Namun hal tersebut dilakukan lewat sistem tes bernama "pool testing", di mana sampel dari 10 orang diproses secara bersamaan.

Bila ada yang positif dari kelompok tersebut, maka kemudian tes terhadap para individu dalam kelompok tersebut akan dilakukan.

Apakah pengetesan mencegah penularan?

Beberapa pakar kesehatan masih bersikeras mengatakan tes massal terhadap warga merupakan hal yang tidak mungkin dilakukan.

Mereka menanggap prioritas utama saat ini masih "social distancing".

"Kekhawatiran saya adalah kita akan memberikan harapan palsu jika dengan pengetasan akan mencegah penularan. Bukan itu. Perilaku kita penyebab penyebaran," kata Jonathan Quick, profesor kesehatan publik dalam acara Podcast World Affairs.

Namun menurut para pakar ekonomi, melakukan lockdown sampai vaksin ditemukan hanya akan menghancurkan perekonomian yang sudah ada.

"Biaya untuk testing dan pelacakan akan jauh lebih rendah dibandingkan biaya ekonomi karantina kolektif yang terus berlanjut, sekitar 140 sampai 500 miliar dolar setiap bulan," kata para peneliti dari Harvard.

Professor Romer mengatakan tes massal adalah satu-satunya cara agar Amerika Serikat bisa kembali ke kehidupan normal.

"Perbedaannya di sini adalah masalah logistik. Apakah kita bisa melakukan tes sebanyak itu? Jawaban saya adalah ya, kita harus melakukannya untuk mengetahuinya," katanya.

120 ribu warga AS meninggal


Dalam kampanye di Tulsa Presiden Trump mengatakan bahwa sudah memerintahkan agar pengetesan dikurangi, namun hal tersebut dikatakan oleh para pembantunya sebagai gurauan.

Reuters: Tom Brenner

Setelah terjadi penurunan angka penularan COVID-19 selama beberapa minggu belakangan, angka infeksi di Amerika Serikat meningkat lagi.

Menurut angka dari Johns Hopkins University, pada tanggal 24 Juni angka kasus baru di AS adalah 34.700 orang, angka harian tertingi sejak bulan April.

Gedung Putih juga sedang mempersiapkan kemungkinan adanya gelombang kedua penularan di sekitar bulan Oktober saat cuaca mulai dingin.

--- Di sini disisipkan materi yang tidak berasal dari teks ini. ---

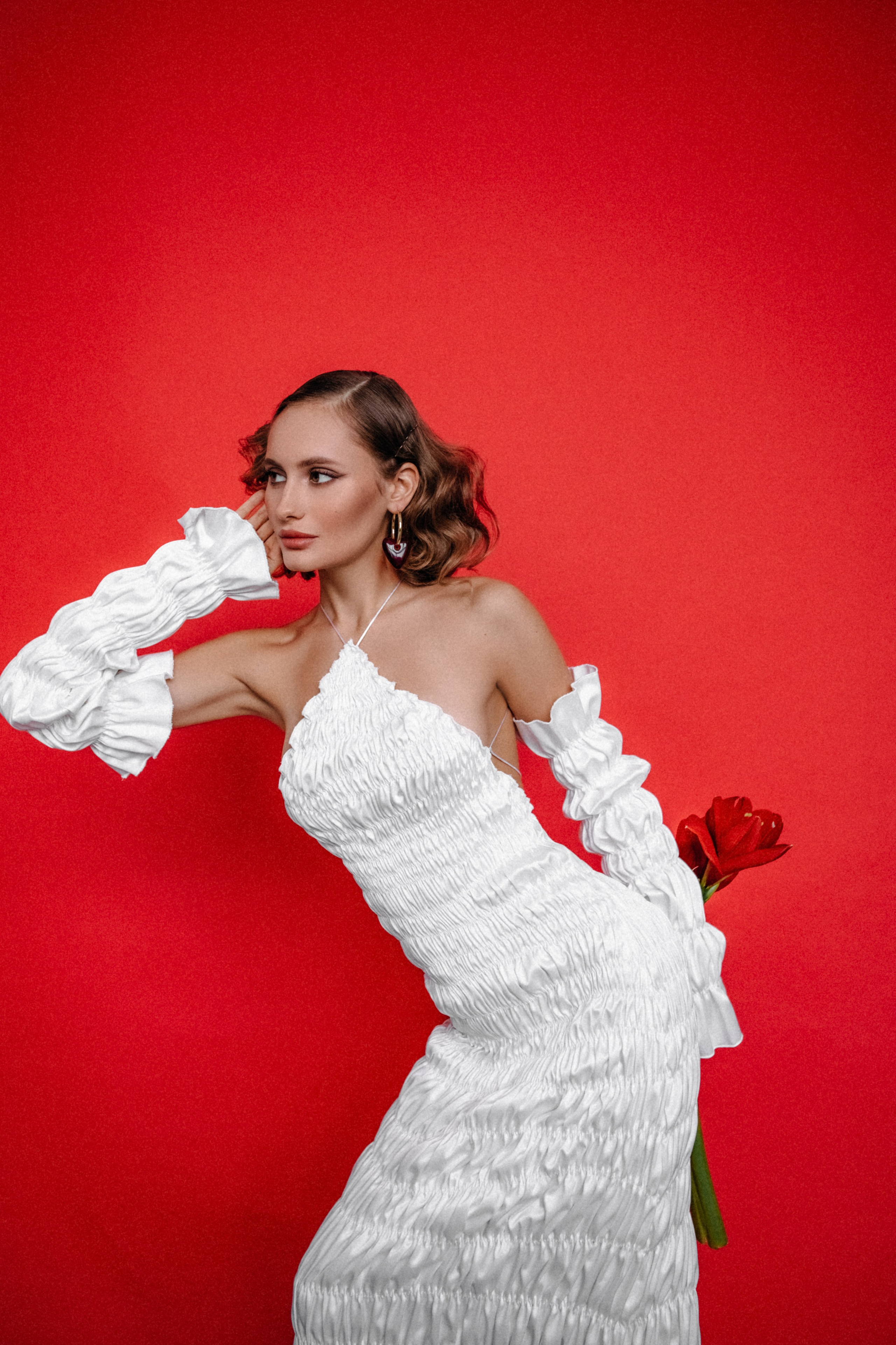 Ангелина. Фотосессия на красном фоне с цветами. Фотограф в Москве Ольга Сатони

Namun Presiden Donald Trump tidak mempertimbangkan pandangan para pakar mengenai tes massal.

Bahkan, sebelumnya Presiden Trump mengatakan bahwa virus akan "menghilang" meskipun tidak ada vaksin yang berhasil dibuat.

Presiden Trump dalam pidato kampanyenya di depan pendukungnya di Tulsa mengatakan bahwa dia sudah memberitahu pejabat yang dipimpinnya untuk "mengurangi pengetesan", tapi kemudian para pembantunya mengatakan bahwa Trump hanya bergurau.

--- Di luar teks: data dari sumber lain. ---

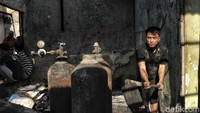 Warga sisa-sisa kebakaran.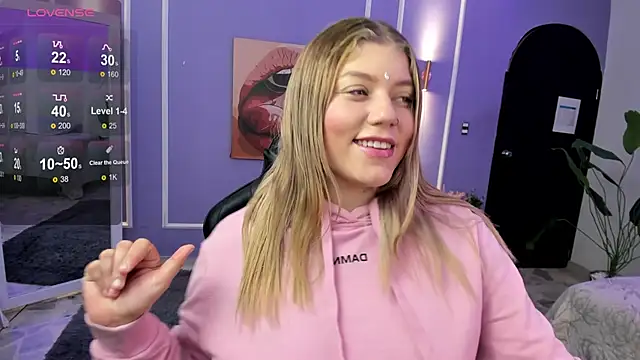 alaia greyy online show from November 10, 12:37 pm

External Link: @realDonaldTrump Cases are going up in the U.S. because we are testing far more than any other country, and ever expanding. With smaller testing we would show fewer cases!

Dr Fauci kepada Kongres mengatakan, dia dan timnya tidak pernah mendapatkan instruksi dari Trump untuk mengurangi jumlah tes guna menutupi jumlah angka penularan di AS.

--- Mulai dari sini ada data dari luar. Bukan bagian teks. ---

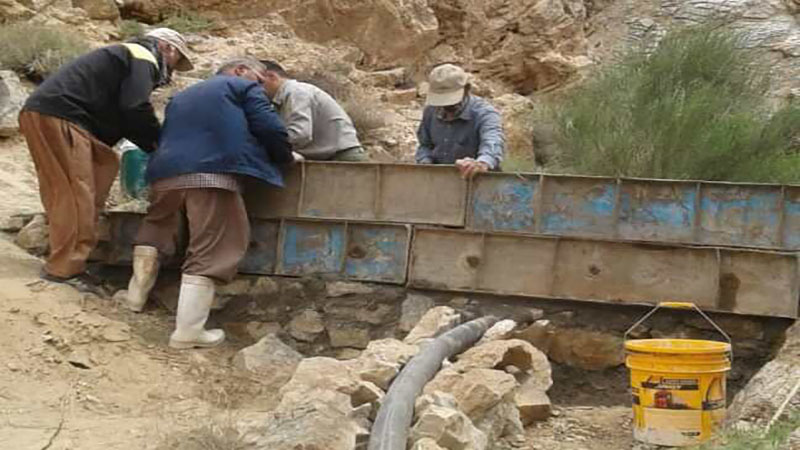 بند سیمانی تامین آب آشامیدنی وحوش در پناهگاه عباس آباد نایین ساخته شد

"Kami melakukan lebih banyak tes, bukan lebih sedikit," katanya.

Sejauh ini tercatat 120 ribu orang meninggal dunia di Amerika Serikat karena COVID-19

Ameriksa Serikat dan sudah melakukan tes terhadap lebih dari 30 juta orang sejak pandemi dimulai, meski beberapa pakar mengatakan jumlah itu masih belum cukup.

Menurut para pakar dari Johns Hopkins University, jumlah kasus positif yang ada menunjukkan bahwa Amerika Serikat sedang menghadapi "wabah terbesar yang terjadi di dunia".